After Claimant sustained a work-related injury, he settled his Longshore and Harbor Workers’ Compensation Act claim for a $104,901.54 settlement, which an administrative law judge approved. Four months later, Claimant was awarded Social Security disability benefits. When the Social Security Administration (“SSA”) calculated Claimant’s monthly disability payments it did not account for Claimant’s receipt of workers’ compensation benefits. Accordingly, the SSA advised Claimant in 2008 that his monthly Social Security disability benefits would be reduced. It took the SSA three years to reduce Claimant’s benefits. When the reductions were made, Claimant lost a significant amount of income. His Social Security payments fell from $1,357.00 to $258.50, and then to zero. Part of the reduction was used to pay the overpayment caused by the delay in reducing benefits.
Soon thereafter, Claimant filed a Chapter 7 bankruptcy. The SSA was listed as an unsecured creditor for “overpayment of benefits.” The SSA discharged an overpayment debt of $43,531.00, and it began paying Claimant benefits totaling $310.00 per month. Claimant then filed an adversary complaint against the SSA alleging that the SSA wrongfully withheld a portion of his Social Security disability benefits, in violation of procedural bankruptcy rules. The SSA asked the Southern District of Illinois to dismiss the complaint and the court obliged.
The SSA is required to reduce or offset an individual’s disability benefits when that individual’s disability also entitles them to workers’ compensation benefits. The purpose for the reduction is to prevent the receipt of duplicative benefits resulting in greater than pre-injury earnings. If a claimant receives a lump sum workers’ compensation award, the SSA treats the award as if that individual were receiving a monthly award. Basically, the SSA takes the total amount of the lump sum award and approximates a rate at which the award would have been paid out over time on a monthly basis. To put it a different rate, the SSA prorates the settlement award over a period of the injured worker’s life.

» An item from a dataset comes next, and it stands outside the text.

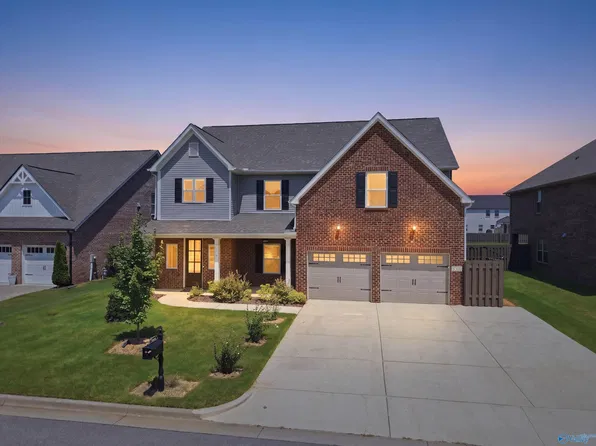 24559 Beacon Cir, Athens, AL 35613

Here, the SSA’s actions were entirely proper. The court rejected Claimant’s argument that the SSA was not entitled to prorate a workers’ compensation settlement when an injured worker files a bankruptcy petition. Moreover the SSA actually did discharged the $43,531.00 pre-petition debt. It was not even attempting to recover that sum. Accordingly, Claimant’s complaint was dismissed.
Zimmerman v. SSA, 2013 WL 3380170 (S.D. Ill. Jul. 8, 2013).